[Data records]
§ §
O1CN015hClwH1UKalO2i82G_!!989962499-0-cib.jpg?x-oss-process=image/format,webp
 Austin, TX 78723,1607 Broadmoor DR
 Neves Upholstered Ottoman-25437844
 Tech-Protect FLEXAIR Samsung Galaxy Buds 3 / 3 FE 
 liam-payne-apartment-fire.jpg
§ §
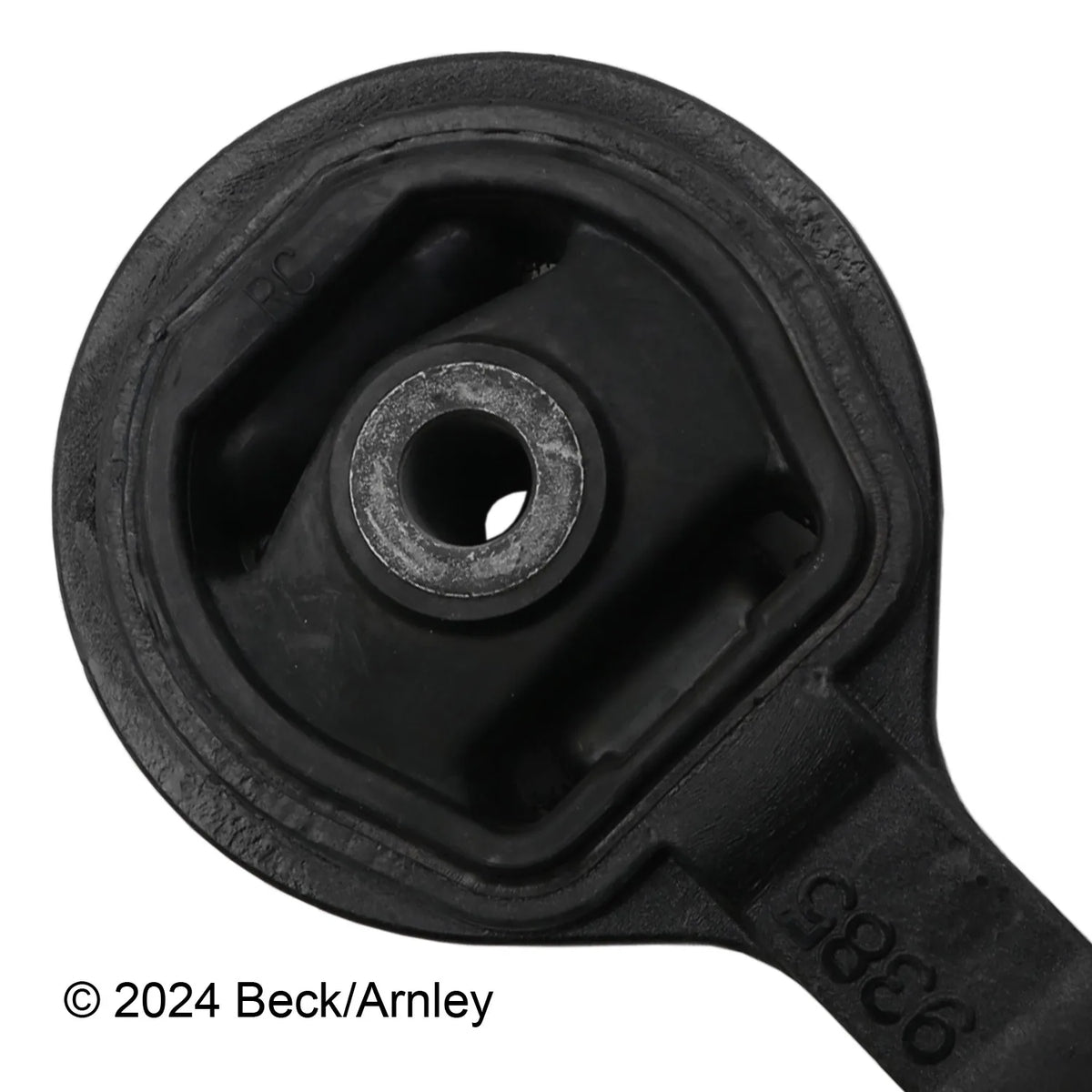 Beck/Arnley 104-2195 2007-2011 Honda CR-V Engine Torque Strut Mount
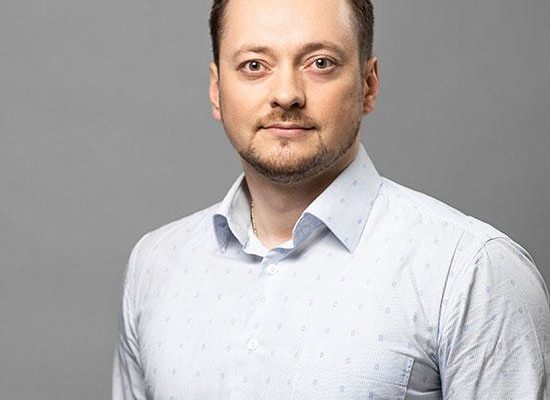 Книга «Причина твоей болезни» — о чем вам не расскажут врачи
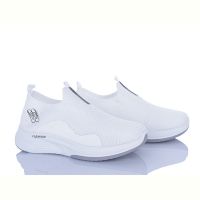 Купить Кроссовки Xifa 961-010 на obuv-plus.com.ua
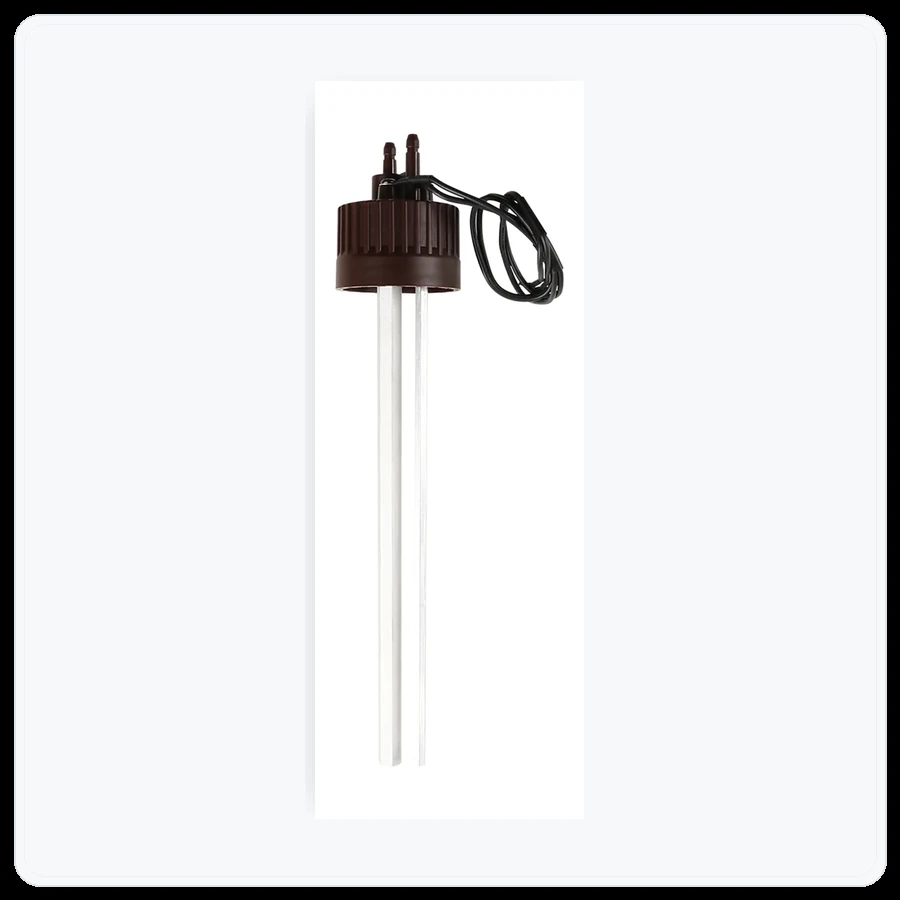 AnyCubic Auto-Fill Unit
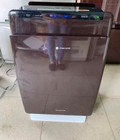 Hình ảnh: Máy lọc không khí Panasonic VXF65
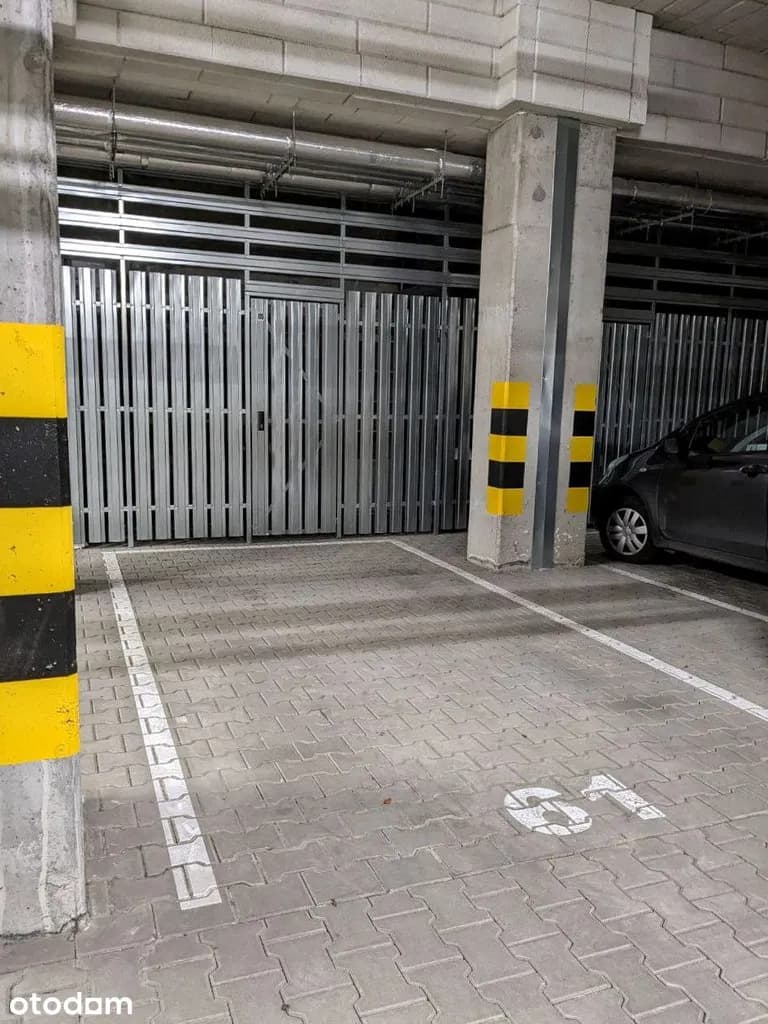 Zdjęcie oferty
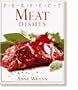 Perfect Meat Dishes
§ §
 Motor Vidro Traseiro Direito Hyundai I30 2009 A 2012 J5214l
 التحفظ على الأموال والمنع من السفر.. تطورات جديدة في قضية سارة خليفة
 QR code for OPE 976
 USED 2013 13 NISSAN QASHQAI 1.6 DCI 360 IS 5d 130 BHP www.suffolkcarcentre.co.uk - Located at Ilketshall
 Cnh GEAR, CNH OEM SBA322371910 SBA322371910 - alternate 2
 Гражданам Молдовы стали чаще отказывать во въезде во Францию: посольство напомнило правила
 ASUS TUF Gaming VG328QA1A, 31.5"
§ §
● **What is needed**:
Copy out the range of lines above starting at the line with "Гражданам Молдовы стали" and ending at the line with "ASUS TUF Gaming", exactly and including both.

● **Output for this task**:
 Гражданам Молдовы стали чаще отказывать во въезде во Францию: посольство напомнило правила
 ASUS TUF Gaming VG328QA1A, 31.5"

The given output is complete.